I’m bringing Barbara and the girls flowers from our garden – they love flowers but don’t grow them, perhaps thinking them frivolous – and I am stopping by regularly to buy fruit and vegetables from their stand.

The fruit is sold on tables and in baskets that I found for them; it always touches me to see them, and they have thanked me many times.

I’ve only seen Moise once or twice in that time; we always wave to each other and catch up when we can. But there is an awkwardness between us, not that we are trying to work through.

I think we are; I think we will. Friendships with the Amish are, by nature, transactional. They can’t survive without people to drive them and shop for them, and friendships with English people outside of that frame are rare and difficult.

Always friendly but never friends, one former neighbor of an Amish family told me.

Today was a real breakthrough for me. On the way home, I went to the gym and pulled into the front of their food shed to buy some strawberries.

They were sold out, but before I could drive away, Joe and Fanny, Delilah, and Little Sarah came running down from the house to talk to me. They told me to come by first thing in the morning, and they would have some strawberries put aside for me.

They were all smiling, and there was a sparkle in their eyes. They all asked me about Maria’s magnets, which I stick to the side of my car. Then Fanny could not contain herself, she stuck her first out in the thumb wrestling position.

Oh, so that’s it, I said. Without even getting out of the car, I took them on one by one and was delighted to see those broad smiles on their faces. They love the game, wildly beating me while I tease them about losing to a rickety older man.

Our connection, I see, was genuine, and they were reaffirming it for me in the way of the Amish – no drama, no conversations, just life as usual and connections as they occur naturally. Neighbors are important to them, and they never want to cause harm or pain.

After a long cold winter, I see my friendhip is real and can outlast even the foibles and confusion of human beings and the gossip of small-town yentas. Friendship is precious to me, even though I have had a lot of trouble with it.

The children asked me if I could bring flowers from the garden and told me the kind of potato chips they most love.

They were asking me to return without asking me to return, and I agreed to return to their lives a bit more without saying so. It felt good, a small thing that was a big thing.

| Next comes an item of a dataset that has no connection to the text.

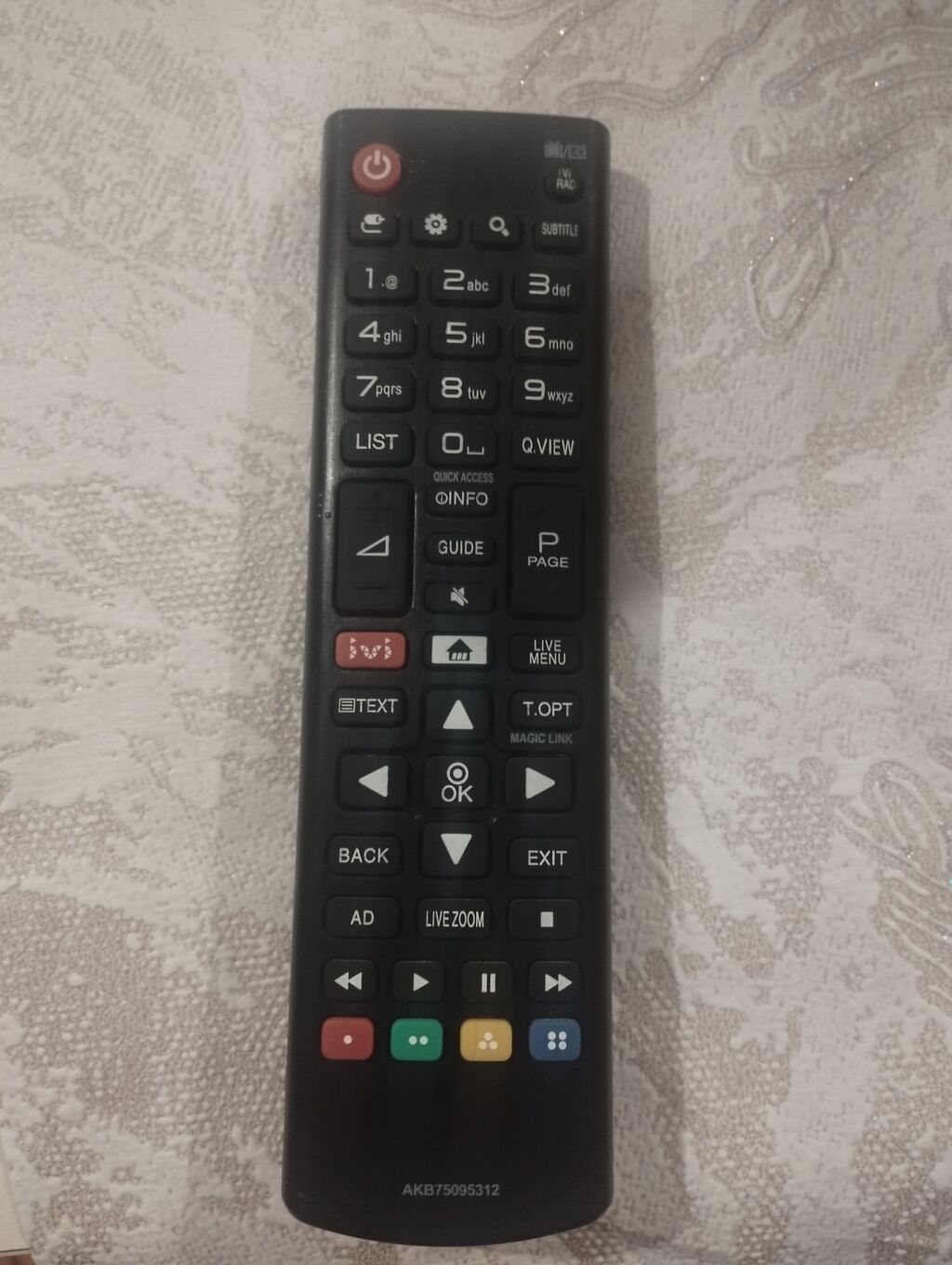 Televizorlar — Televizorlar, Mehdiabad (4)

My expectations are small and narrow, my patience is growing and depending. We’ll move slowly and see.

Next week, I said, I will start bringing a weekly bouquet from my garden. “That is wonderful,” said Fanny, “we all love flowers.” And I’ll get some fresh strawberries in the morning.

7 Comments

  1. I’ve so missed this. You have your reasons & I do appreciate them but that being said we all miss your interactions with the wonderful Miller family.
    Let your guard down a tad & I bet Moise will too. At least I hope.
    I for one don’t need the photos. Just the stories of your interactions.
    What an awesome friendship you all had. (Have)

    1. Thanks Steve, I feel much the same way. I spent some time with Moise this morning, he was eager to show me the changes he has made in the farm and the amazing irrigation work he has been doing. He gave me some produce and I bought some strawberries and cucumbers. He’s putting a sign for the Food Shed up on our South pasture. We do have an amazing friendship, I guess I will never quite figure it all out. But things are very good today.

  2. Wow… your memory must be failing as you posted a picture that clearly shows the faces of the Miller children. Moses asked you not to show the faces of his family and this request evolved into no picture taking at all which is their right to privacy. Your lack of respect for their privacy in the name of your own artistic “endeavors” is simply dumbfounding.

    1. Bob, my memory is good thanks, and I hope the same is true of you. You don’t seem the least bit dumbfounded to me, just rude and obnoxious, in keeping with the times. I don’t recall your being present for any conversations I might have or am now having with Moise, perhaps you were the fly on the wall.

      But if you were, you weren’t paying attention. You know absolutely nothing about my relationship with this man and or his family, you just think you do. In my mind, you are just making an ass of yourself.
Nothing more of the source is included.